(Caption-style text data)
----

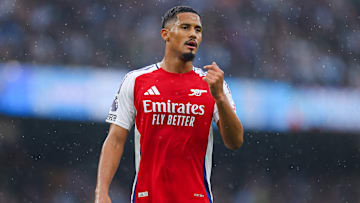 William Saliba é o melhor jovem zagueiro do EA FC 25
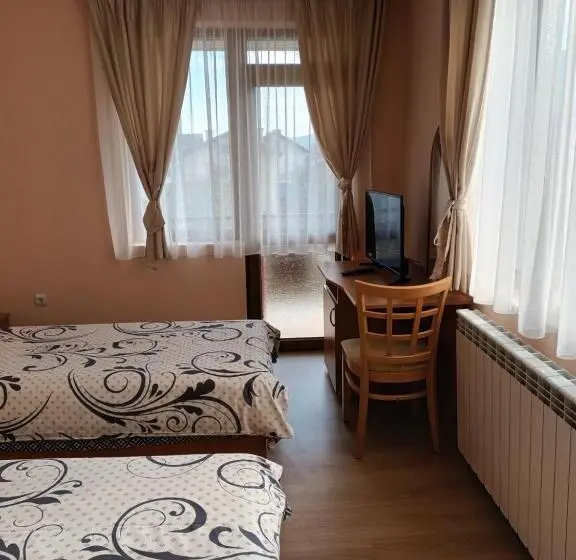 اتاق استاندارد چهار تخته, Guest Rooms Bansko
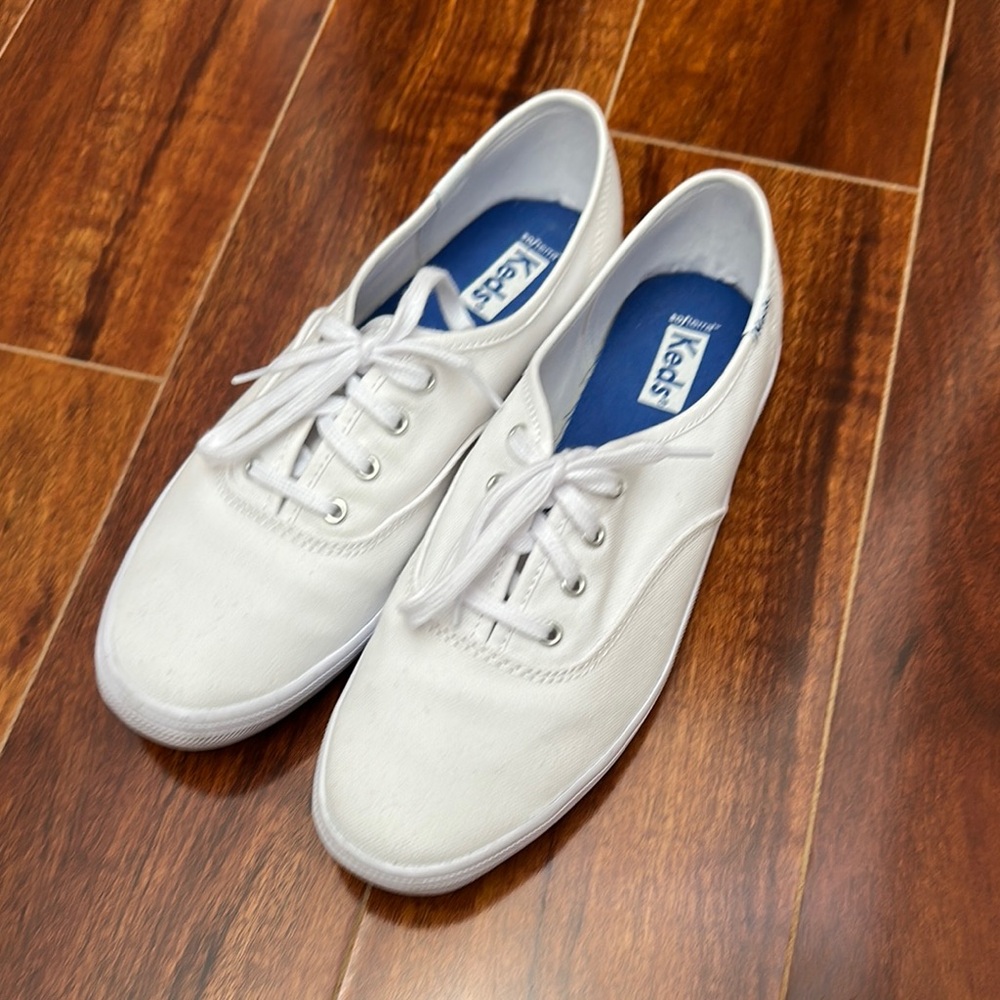 White Keds Canvas Sneakers 7.5 women’s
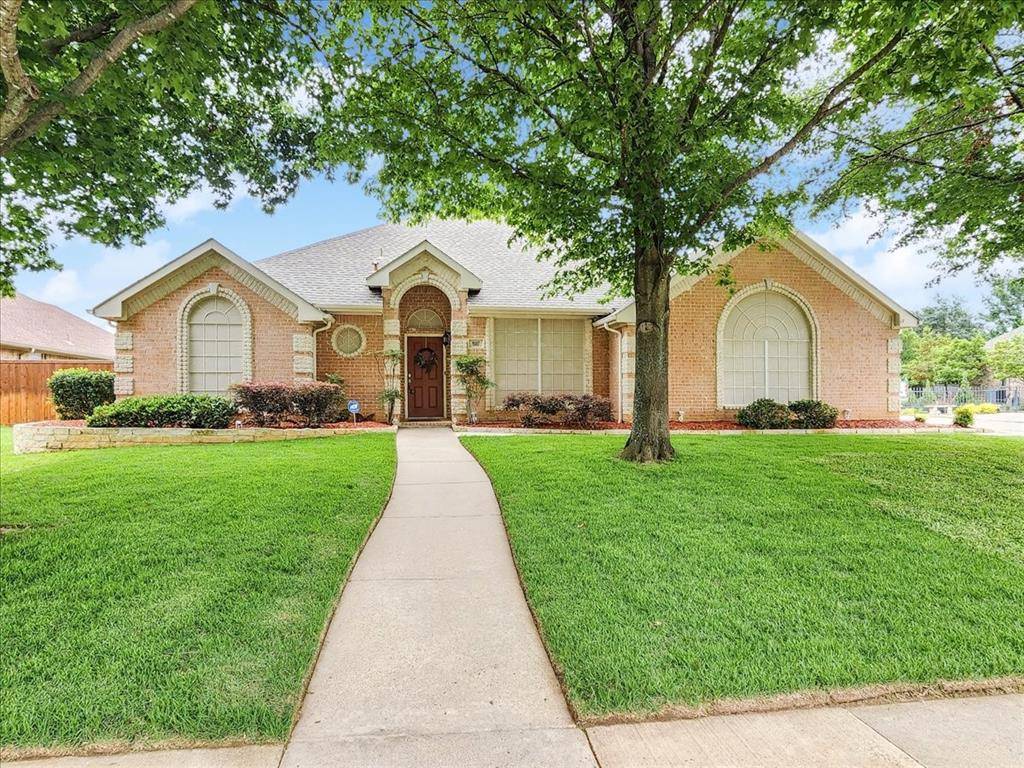 Arlington, TX 76001,8107 Latigo Drive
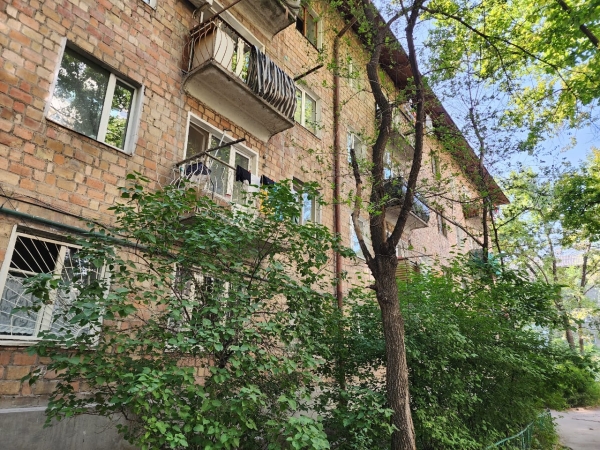 Продаю 3-к квартиру (55 м²) в Бишкеке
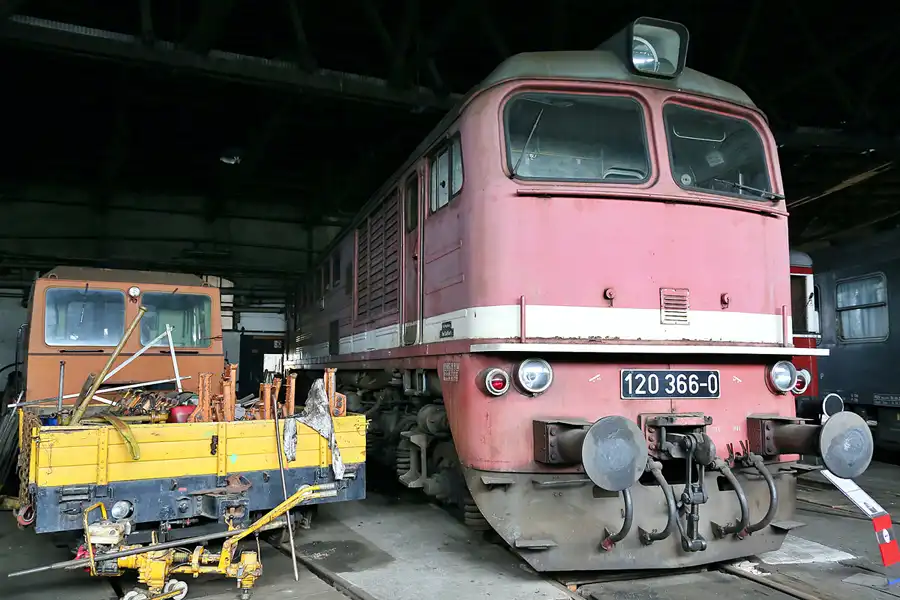 053 | 2020 | Stassfurt | Bahnbetriebswerk Stassfurt | © carsten riede fotografie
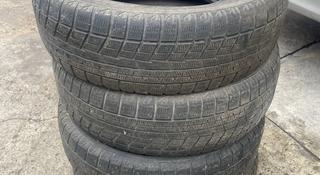 Зимние шины Yokohama 195/65/r15 за 55 000 тг. в Талдыкорган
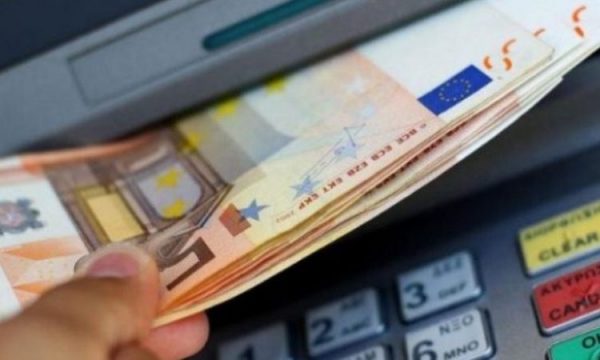 Nesër shqyrtohen Projektligji për Zyrtarët Publik dhe Pagat në Sektorin Publik, konfirmon Ramadani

----

TASK DIRECTIONS →
Write each line exactly as it appears, from the line that holds "Продаю 3-к квартиру (55 м²) в Бишкеке" through the closing line of the data above, and leave every picture out.

ANSWER SECTION →
 Продаю 3-к квартиру (55 м²) в Бишкеке
 053 | 2020 | Stassfurt | Bahnbetriebswerk Stassfurt | © carsten riede fotografie
 Зимние шины Yokohama 195/65/r15 за 55 000 тг. в Талдыкорган
 Nesër shqyrtohen Projektligji për Zyrtarët Publik dhe Pagat në Sektorin Publik, konfirmon Ramadani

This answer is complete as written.